■ DATASET RECORDS:
"""

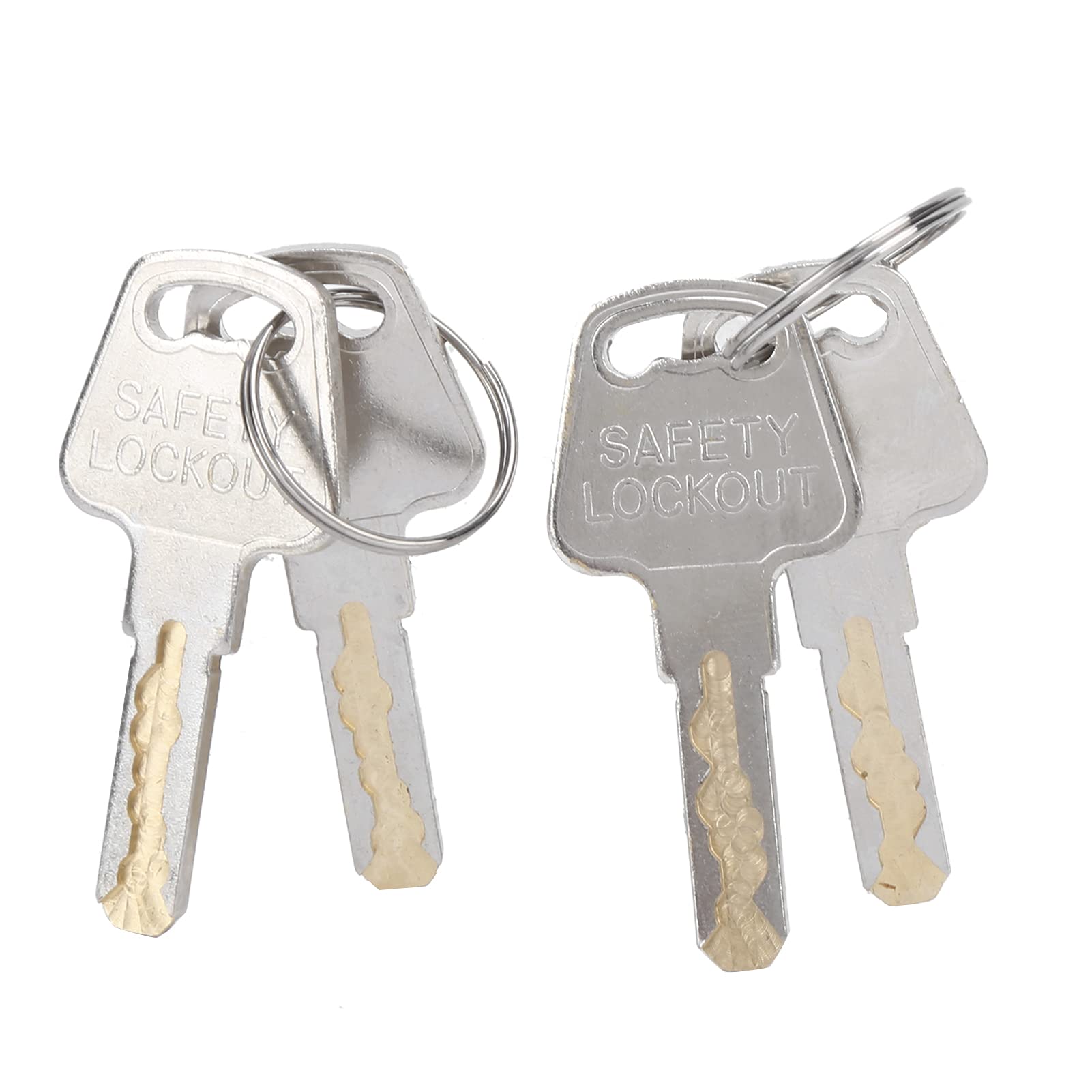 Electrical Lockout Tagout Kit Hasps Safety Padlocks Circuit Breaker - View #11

"""
"""

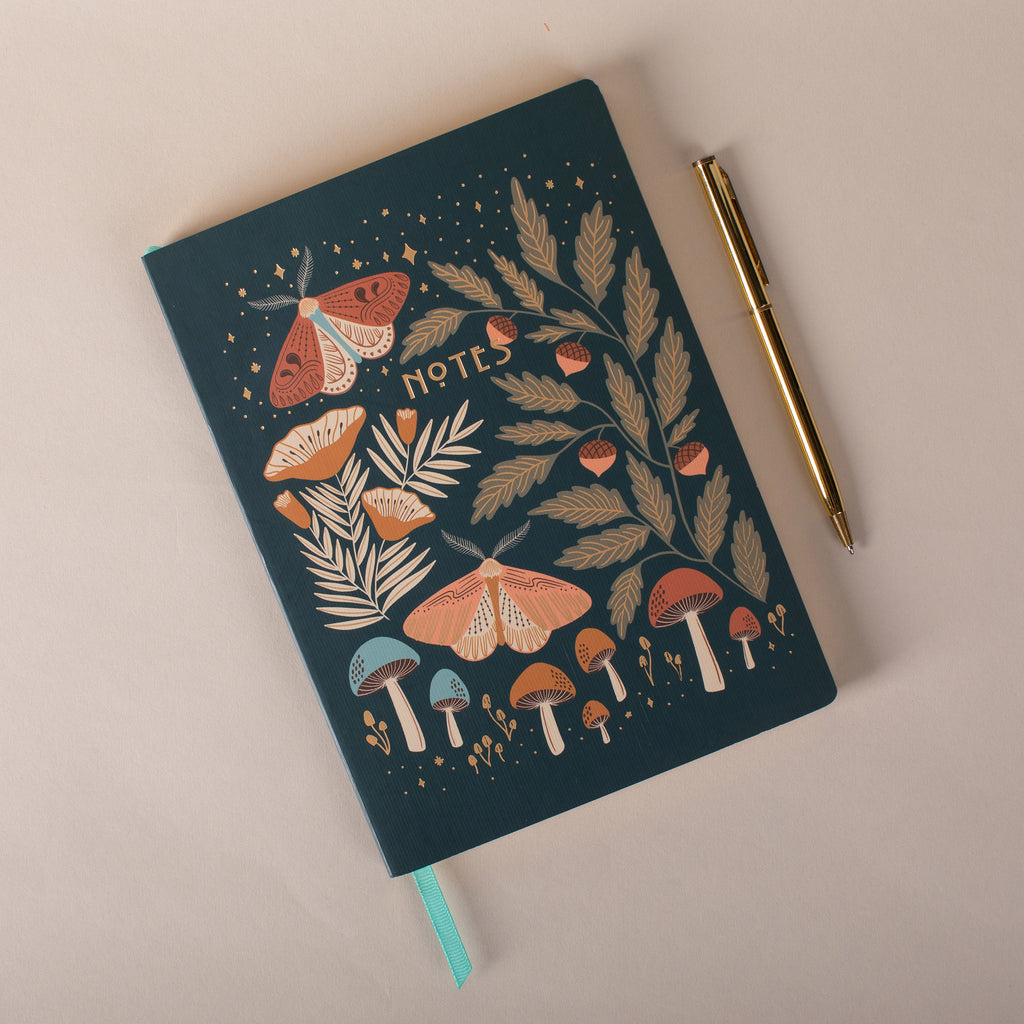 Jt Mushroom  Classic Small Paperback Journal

"""
"""

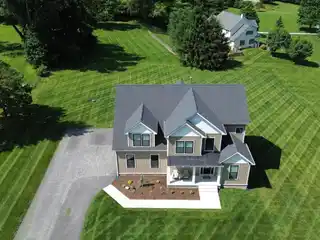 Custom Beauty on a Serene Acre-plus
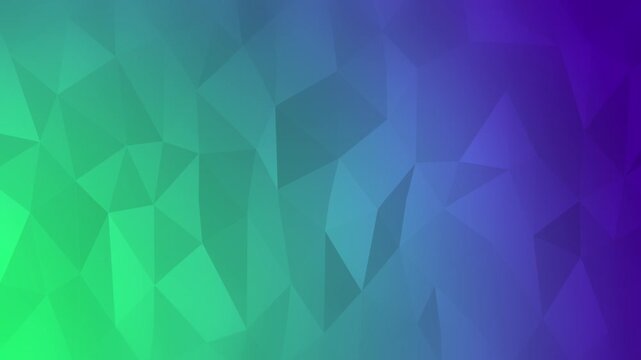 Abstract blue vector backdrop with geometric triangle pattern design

"""

■ YOUR GOAL:
From the line containing "Custom Beauty on a Serene Acre-plus" through the line containing "Abstract blue vector", copy every line above exactly, without pictures.

■ ANSWER SPACE:
 Custom Beauty on a Serene Acre-plus
 Abstract blue vector backdrop with geometric triangle pattern design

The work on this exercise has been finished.